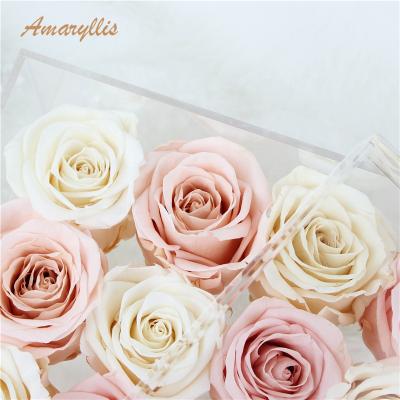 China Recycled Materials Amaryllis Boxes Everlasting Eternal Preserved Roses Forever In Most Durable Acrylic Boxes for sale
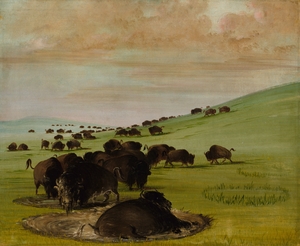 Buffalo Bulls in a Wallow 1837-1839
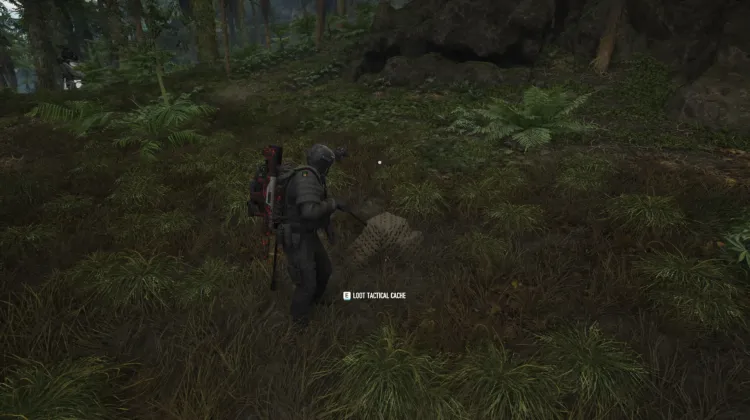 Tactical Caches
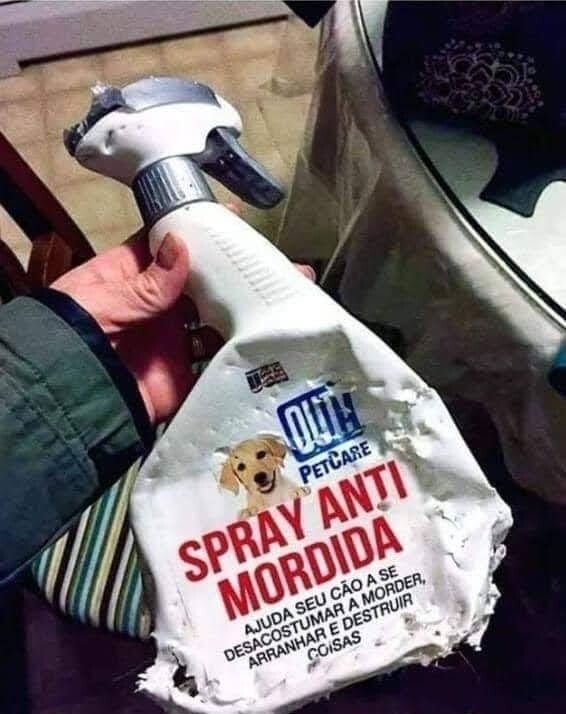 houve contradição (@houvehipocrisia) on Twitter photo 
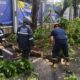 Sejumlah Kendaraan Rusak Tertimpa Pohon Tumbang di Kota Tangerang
---
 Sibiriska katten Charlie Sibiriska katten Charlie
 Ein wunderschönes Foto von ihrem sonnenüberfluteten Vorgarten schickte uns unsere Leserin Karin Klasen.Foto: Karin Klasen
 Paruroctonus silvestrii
==
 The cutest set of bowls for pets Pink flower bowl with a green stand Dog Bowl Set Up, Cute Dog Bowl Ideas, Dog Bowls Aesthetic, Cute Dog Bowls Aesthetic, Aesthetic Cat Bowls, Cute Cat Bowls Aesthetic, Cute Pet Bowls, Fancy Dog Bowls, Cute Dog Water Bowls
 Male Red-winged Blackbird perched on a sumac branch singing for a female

**Task prompt:**
Both the line containing "Sibiriska katten Charlie Sibiriska" and the line containing "Paruroctonus silvestrii" belong in the answer. Print them and every line above that falls between them exactly, and no others.

**Output below:**
 Sibiriska katten Charlie Sibiriska katten Charlie
 Ein wunderschönes Foto von ihrem sonnenüberfluteten Vorgarten schickte uns unsere Leserin Karin Klasen.Foto: Karin Klasen
 Paruroctonus silvestrii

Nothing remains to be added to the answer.